INFO org.apache.hadoop.hdfs.server.namenode.FSImageFormatProtobuf: Saving image file /tmp/hadoop-bartosz/dfs/namesecondary/current/fsimage.ckpt_0000000000000000020 using no compression
INFO org.apache.hadoop.hdfs.server.namenode.FSImageFormatProtobuf: Image file /tmp/hadoop-bartosz/dfs/namesecondary/current/fsimage.ckpt_0000000000000000020 of size 897 bytes saved in 0 seconds.
INFO org.apache.hadoop.hdfs.server.namenode.NNStorageRetentionManager: Going to retain 2 images with txid >= 2
INFO org.apache.hadoop.hdfs.server.namenode.NNStorageRetentionManager: Purging old image FSImageFile(file=/tmp/hadoop-bartosz/dfs/namesecondary/current/fsimage_0000000000000000000, cpktTxId=0000000000000000000)
INFO org.apache.hadoop.hdfs.server.namenode.TransferFsImage: Uploaded image with txid 20 to namenode at http://localhost:50070 in 0.111 seconds
WARN org.apache.hadoop.hdfs.server.namenode.SecondaryNameNode: Checkpoint done. New Image Size: 897

And in NameNode's logs we can find the track of new FSImage download:

INFO org.apache.hadoop.hdfs.server.namenode.TransferFsImage: Transfer took 0,05s at 0,00 KB/s
INFO org.apache.hadoop.hdfs.server.namenode.TransferFsImage: Downloaded file fsimage.ckpt_0000000000000000020 size 897 bytes.
INFO org.apache.hadoop.hdfs.server.namenode.NNStorageRetentionManager: Going to retain 2 images with txid >= 2
INFO org.apache.hadoop.hdfs.server.namenode.NNStorageRetentionManager: Purging old image FSImageFile(file=/home/bartosz/hdfs_dir/fsimage/current/fsimage_0000000000000000000, cpktTxId=0000000000000000000)
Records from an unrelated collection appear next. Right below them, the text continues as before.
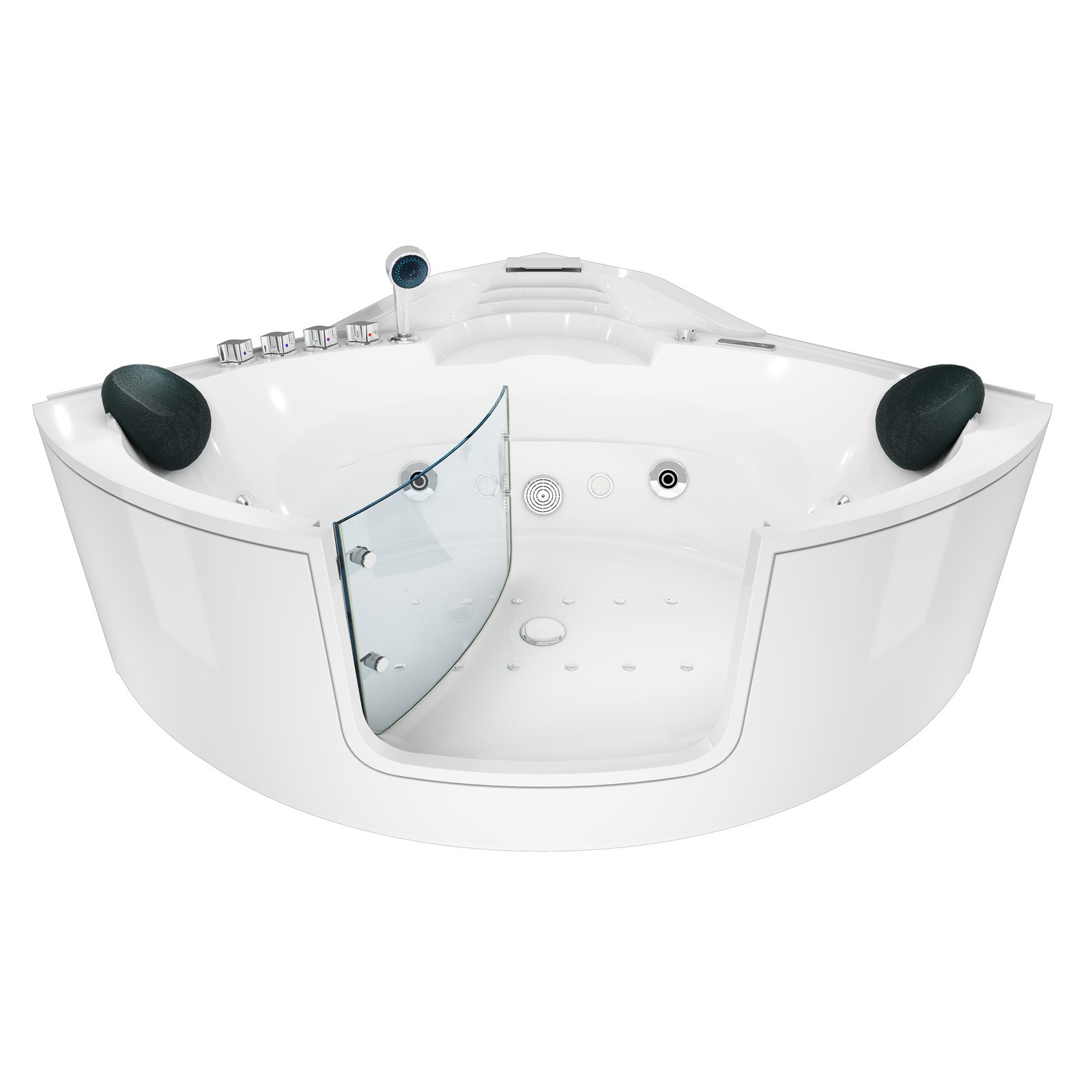 Bañera de hidromasaje AcquaVapore bañera de hidromasaje bañera de esquina W60H-TH 140x140 cm con puerta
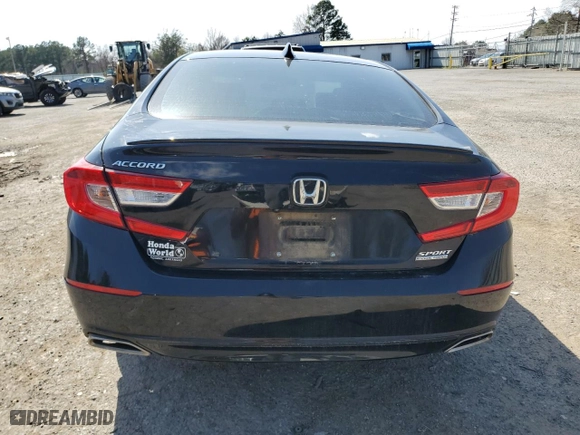 2022 Honda Accord Sedan Sport SE with VIN 1HGCV1F43NA072151, listed as a Copart auction lot 48561465 with 0 mi miles and Salvage Title. Bid and sale history available at carsss.com. Image 6.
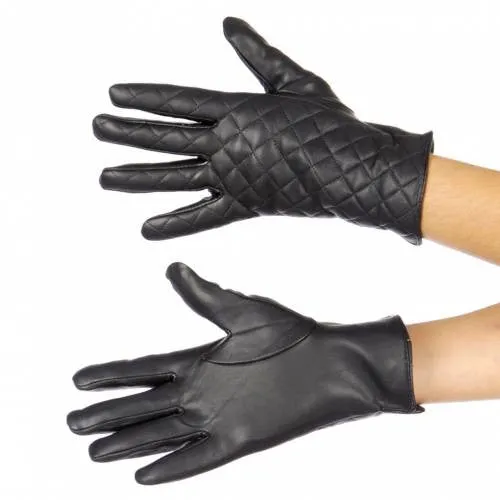 Quilted Vegan Leather Gloves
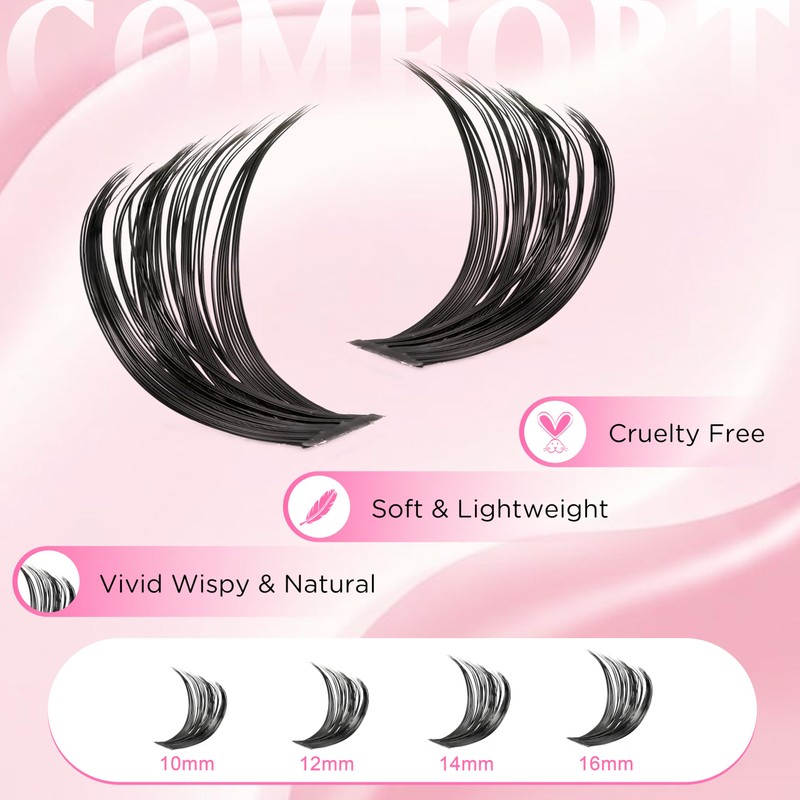 Jsio Cluster Lashes Kit with Glue, 456PCS Individual Eyelashes 30D-100D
This post covers the checkpointing in HDFS. The first part explains the basics about this operation. We can learn from there that checkpointing is a simple merge of new logged events to previous system image. Two next parts show how checkpointing is done in 2 cluster modes: non-HA and HA. The before-last part explains what happens under-the-hood when a checkpoint is triggered. The last part exposes checkpoint logs showing which objects are involved.